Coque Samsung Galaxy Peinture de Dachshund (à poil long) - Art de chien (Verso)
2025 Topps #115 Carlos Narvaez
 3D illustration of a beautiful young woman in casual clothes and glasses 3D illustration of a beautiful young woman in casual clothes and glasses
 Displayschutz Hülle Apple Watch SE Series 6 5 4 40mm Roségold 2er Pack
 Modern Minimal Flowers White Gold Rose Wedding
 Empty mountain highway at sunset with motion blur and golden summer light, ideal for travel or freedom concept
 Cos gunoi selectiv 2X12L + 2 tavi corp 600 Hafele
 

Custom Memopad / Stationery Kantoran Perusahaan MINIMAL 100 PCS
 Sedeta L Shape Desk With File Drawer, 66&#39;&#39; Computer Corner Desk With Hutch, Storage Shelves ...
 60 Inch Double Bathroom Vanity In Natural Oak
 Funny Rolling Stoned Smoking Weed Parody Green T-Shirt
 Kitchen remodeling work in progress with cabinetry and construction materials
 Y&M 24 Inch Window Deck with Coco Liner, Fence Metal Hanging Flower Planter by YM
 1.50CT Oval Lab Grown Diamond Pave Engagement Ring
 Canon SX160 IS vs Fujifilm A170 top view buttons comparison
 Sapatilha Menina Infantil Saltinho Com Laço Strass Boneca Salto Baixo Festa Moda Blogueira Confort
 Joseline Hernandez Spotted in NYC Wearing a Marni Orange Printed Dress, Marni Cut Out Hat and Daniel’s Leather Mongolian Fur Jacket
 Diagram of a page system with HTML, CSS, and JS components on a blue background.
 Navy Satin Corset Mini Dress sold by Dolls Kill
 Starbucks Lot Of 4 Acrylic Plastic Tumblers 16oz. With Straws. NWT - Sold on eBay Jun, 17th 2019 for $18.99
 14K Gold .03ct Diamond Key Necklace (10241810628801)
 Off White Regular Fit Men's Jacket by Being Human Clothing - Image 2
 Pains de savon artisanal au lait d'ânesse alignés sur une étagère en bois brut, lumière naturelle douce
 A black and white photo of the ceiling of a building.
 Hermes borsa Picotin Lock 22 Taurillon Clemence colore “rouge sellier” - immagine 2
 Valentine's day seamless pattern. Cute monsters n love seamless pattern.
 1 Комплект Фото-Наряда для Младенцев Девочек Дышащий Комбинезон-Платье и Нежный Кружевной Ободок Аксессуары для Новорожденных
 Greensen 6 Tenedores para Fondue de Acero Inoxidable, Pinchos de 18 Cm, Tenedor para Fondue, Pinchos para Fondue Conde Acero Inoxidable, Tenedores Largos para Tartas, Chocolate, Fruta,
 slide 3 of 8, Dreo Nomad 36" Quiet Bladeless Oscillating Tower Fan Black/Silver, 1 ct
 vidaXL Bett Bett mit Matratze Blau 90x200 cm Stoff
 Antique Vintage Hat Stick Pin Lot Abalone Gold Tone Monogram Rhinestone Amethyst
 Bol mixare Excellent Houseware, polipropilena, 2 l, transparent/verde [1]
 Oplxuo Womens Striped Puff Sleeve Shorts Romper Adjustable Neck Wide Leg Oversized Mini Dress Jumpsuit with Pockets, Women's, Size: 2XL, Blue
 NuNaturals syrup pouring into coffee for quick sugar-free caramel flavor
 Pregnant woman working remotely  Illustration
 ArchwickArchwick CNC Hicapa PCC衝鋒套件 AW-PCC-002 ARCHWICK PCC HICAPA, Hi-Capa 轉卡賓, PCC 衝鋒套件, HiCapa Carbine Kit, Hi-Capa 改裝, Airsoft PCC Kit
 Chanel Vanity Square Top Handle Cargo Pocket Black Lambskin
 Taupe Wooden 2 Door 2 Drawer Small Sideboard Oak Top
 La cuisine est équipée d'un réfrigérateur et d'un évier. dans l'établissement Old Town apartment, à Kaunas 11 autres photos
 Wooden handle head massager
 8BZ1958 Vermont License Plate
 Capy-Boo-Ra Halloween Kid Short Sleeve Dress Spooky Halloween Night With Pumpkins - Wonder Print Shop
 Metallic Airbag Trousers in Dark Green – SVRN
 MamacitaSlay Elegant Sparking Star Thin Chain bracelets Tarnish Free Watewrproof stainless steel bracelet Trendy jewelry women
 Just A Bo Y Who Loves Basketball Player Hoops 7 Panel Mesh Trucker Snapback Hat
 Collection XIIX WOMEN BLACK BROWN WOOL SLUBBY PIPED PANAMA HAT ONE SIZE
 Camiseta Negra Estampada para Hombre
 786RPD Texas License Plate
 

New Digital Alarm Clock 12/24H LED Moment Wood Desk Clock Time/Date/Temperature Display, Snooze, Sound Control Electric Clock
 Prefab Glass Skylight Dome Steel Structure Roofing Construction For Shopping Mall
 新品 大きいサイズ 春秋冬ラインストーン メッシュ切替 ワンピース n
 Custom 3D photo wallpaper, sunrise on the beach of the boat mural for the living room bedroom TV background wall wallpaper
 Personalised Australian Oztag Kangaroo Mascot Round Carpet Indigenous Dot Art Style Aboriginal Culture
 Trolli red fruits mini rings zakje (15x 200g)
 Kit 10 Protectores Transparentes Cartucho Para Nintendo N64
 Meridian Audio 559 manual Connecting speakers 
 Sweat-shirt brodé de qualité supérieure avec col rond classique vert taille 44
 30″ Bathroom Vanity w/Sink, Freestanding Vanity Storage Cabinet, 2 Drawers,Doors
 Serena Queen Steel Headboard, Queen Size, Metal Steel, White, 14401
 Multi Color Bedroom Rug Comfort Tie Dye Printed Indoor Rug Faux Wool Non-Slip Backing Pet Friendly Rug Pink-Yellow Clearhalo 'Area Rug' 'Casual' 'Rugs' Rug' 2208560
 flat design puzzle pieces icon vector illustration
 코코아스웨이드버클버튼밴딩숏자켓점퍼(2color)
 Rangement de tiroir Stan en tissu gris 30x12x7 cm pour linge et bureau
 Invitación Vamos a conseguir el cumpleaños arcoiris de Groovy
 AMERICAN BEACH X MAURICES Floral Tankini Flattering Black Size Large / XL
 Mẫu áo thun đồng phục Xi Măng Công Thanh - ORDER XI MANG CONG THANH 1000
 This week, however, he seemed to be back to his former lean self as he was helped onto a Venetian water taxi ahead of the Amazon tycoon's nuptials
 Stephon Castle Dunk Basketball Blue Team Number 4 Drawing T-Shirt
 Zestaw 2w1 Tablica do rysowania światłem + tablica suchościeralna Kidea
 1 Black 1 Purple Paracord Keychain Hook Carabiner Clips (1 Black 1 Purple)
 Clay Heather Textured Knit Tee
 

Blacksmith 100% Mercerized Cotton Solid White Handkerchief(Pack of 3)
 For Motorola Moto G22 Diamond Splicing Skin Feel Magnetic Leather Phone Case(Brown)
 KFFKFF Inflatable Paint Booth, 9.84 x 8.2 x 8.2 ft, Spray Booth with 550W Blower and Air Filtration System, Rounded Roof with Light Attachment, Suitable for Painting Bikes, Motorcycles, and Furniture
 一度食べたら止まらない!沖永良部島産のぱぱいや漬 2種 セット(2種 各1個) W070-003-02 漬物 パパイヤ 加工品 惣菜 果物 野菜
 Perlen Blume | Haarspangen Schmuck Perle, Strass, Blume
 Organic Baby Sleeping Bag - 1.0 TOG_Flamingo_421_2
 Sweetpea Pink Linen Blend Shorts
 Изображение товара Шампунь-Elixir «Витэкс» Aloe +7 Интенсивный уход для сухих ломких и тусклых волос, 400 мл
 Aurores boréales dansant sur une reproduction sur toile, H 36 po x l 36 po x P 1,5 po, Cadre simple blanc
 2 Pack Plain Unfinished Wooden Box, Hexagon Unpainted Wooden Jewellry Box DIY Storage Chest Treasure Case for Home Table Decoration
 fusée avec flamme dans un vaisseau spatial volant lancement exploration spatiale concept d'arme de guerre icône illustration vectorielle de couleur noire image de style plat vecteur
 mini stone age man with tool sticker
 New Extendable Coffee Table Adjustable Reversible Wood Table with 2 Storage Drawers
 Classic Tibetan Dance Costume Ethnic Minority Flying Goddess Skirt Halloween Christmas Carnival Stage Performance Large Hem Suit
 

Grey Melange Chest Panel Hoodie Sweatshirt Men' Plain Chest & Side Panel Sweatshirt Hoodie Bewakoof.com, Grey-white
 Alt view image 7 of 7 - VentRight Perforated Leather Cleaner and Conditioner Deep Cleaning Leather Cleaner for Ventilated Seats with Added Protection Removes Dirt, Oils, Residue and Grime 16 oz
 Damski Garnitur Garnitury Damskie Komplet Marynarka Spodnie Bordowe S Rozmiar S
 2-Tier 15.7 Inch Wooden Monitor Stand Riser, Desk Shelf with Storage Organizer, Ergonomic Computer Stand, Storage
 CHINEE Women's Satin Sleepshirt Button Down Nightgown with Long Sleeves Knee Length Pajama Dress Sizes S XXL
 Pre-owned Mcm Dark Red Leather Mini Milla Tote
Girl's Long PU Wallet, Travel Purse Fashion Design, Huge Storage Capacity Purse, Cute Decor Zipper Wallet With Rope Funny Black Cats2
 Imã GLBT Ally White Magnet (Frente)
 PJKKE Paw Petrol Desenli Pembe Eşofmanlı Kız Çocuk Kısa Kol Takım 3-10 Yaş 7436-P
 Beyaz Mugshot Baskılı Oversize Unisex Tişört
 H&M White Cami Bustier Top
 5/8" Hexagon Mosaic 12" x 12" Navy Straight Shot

- **What to do**
Above are the records; print exactly the lines from the line with "Antique Vintage Hat" to the line with "Bol mixare Excellent", including both, and nothing else.

- **Written reply**
 Antique Vintage Hat Stick Pin Lot Abalone Gold Tone Monogram Rhinestone Amethyst
 Bol mixare Excellent Houseware, polipropilena, 2 l, transparent/verde [1]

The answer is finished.